Emerging Thoughts In Rough Form 

The privacy article that I mentioned in my last post got me thinking about ideology and theology. The post was an example of people who felt safer if new security systems that can display a picture of your body through your clothes did revealed the bodily form. But this response was after they had been told that it was just as easy to get a picture of what was being carried without closely showing the form. So, to me, it was a strong example of how people's belief systems and personal feelings can override evidence that totally contradicts what they prefer. Such a response to technological invasions of privacy is part of the setup for a very fucked up future that's looking way too much like a cyberpunk novel for me to very hopeful about where things are going.

But it wasn't the strongest example of what I'm talking about.
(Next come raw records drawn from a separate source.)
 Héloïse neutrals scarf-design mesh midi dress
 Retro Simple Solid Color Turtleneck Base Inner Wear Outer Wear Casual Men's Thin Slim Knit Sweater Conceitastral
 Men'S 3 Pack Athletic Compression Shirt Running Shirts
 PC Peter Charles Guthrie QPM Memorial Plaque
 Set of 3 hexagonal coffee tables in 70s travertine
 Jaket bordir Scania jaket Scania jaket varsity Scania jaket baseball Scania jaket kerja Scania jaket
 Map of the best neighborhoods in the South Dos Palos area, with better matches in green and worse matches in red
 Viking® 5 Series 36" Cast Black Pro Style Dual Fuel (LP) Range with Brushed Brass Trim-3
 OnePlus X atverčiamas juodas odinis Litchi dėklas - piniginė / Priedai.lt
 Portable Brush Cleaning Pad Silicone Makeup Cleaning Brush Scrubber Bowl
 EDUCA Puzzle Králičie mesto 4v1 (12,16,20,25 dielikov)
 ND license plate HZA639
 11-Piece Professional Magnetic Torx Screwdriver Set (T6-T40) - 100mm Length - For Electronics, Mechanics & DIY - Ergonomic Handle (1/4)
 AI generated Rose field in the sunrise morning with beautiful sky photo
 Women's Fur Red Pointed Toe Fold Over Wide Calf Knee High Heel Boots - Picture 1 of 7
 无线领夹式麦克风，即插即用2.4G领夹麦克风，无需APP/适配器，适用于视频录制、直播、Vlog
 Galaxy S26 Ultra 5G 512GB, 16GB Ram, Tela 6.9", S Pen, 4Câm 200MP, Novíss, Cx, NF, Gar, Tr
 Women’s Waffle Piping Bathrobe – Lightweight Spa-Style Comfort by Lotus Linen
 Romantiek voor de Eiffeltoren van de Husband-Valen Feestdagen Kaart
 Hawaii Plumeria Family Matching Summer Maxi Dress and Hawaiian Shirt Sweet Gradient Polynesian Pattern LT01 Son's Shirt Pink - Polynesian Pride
I'm trying to find a way to articulate my perception that people ultimately decide what they're going to do based on beliefs that seem religious in the sense that there's no evidence for what they finally decide is true (I'm leaving out various revelations and experiences that are evidence of something).

Here's another example:
I remember reading an article about a scientist at UCLA and his claim that there was no scientific evidence for acupuncture and little scholarly literature on the topic. At the time, I was teaching a tai chi class at Ohio State and was checking out a textbook on Traditional Chinese Medicine that was authored and used by a faculty member at UCLA. When you checked out the bibliography, there were literally hundreds of studies listed, but primarily by French or Chinese researchers. I always wanted to ask the guy about his literature review in French and Chinese.

For those of you not in academia, the traditional research route includes a review of the literature on the topic so that you know what's been done and how your work fits in with or contradicts the literature. For a scientist to be making claims about what research has found without doing such a review shows that at that moment he is not relying on evidence but on a belief system outside of academic research. And this particular scientist wasn't doing work on acupuncture or anything like that, he was an uneducated skeptic that should not have been interviewed and was willing to behave as if he had expertise in a field with which he was obviously unfamiliar.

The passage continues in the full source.